» RECORD EXCERPTS
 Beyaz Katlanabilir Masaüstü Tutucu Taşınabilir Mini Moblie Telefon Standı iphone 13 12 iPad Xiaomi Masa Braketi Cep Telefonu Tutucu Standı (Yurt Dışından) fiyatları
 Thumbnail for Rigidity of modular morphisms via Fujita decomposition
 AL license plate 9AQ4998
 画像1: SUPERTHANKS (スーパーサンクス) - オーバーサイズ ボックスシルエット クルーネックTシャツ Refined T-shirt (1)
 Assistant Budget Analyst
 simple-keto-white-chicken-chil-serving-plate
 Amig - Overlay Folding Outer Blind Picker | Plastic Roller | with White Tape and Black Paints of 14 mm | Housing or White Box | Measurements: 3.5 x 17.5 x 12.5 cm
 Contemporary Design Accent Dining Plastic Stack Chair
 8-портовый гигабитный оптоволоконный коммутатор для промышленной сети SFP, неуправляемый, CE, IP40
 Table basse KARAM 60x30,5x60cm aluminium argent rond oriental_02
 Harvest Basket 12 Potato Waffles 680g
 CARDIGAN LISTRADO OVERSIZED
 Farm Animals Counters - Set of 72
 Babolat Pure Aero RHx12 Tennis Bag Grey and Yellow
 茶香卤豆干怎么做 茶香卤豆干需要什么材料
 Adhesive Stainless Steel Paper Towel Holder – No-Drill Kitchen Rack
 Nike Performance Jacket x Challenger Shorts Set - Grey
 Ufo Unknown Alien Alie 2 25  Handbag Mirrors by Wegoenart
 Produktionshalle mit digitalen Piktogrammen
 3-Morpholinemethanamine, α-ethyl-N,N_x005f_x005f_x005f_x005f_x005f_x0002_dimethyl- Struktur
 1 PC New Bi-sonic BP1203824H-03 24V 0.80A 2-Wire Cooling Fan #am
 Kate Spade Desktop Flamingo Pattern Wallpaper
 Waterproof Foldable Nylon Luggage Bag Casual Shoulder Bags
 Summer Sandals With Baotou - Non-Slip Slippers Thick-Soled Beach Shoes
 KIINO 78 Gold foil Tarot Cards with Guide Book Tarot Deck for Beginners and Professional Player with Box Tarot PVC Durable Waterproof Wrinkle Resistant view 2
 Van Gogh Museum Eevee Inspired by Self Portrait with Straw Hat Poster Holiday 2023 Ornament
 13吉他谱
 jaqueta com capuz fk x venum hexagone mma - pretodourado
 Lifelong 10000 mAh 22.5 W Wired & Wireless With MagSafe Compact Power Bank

» WHAT YOU ARE ASKED TO DO
Would you copy out exactly the lines above that start at the one containing "茶香卤豆干怎么做 茶香卤豆干需要什么材料" and end at the one containing "Waterproof Foldable Nylon", inclusive?

» ANSWER SECTION
 茶香卤豆干怎么做 茶香卤豆干需要什么材料
 Adhesive Stainless Steel Paper Towel Holder – No-Drill Kitchen Rack
 Nike Performance Jacket x Challenger Shorts Set - Grey
 Ufo Unknown Alien Alie 2 25  Handbag Mirrors by Wegoenart
 Produktionshalle mit digitalen Piktogrammen
 3-Morpholinemethanamine, α-ethyl-N,N_x005f_x005f_x005f_x005f_x005f_x0002_dimethyl- Struktur
 1 PC New Bi-sonic BP1203824H-03 24V 0.80A 2-Wire Cooling Fan #am
 Kate Spade Desktop Flamingo Pattern Wallpaper
 Waterproof Foldable Nylon Luggage Bag Casual Shoulder Bags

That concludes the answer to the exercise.